*TASK INSTRUCTIONS*
Lines from the beginning of the material below through the line that has "Vector physalis summer." are to be reproduced exactly, but pictures are not.

*DATA BLOCK*
----

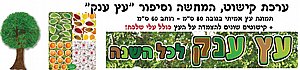 ערכת עץ ענק לכל השנה ערכת עץ ענק לכל השנה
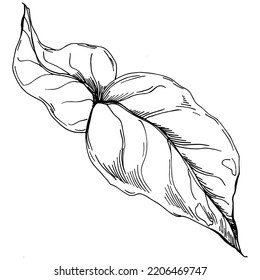 Vector physalis summer. Isolated botanical flower, leaves. Black and white engraved sketch ink art. Leaf plant botanical garden floral foliage. Wildflower drawing leaf illustration element.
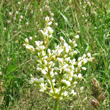 Blütenfoto Polygonum alpinum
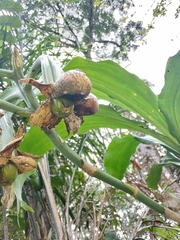 Catasetum cernuum, photograph (c) Cajá-manga, some rights reserved (CC BY)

----

*YOUR RESPONSE*
 ערכת עץ ענק לכל השנה ערכת עץ ענק לכל השנה
 Vector physalis summer. Isolated botanical flower, leaves. Black and white engraved sketch ink art. Leaf plant botanical garden floral foliage. Wildflower drawing leaf illustration element.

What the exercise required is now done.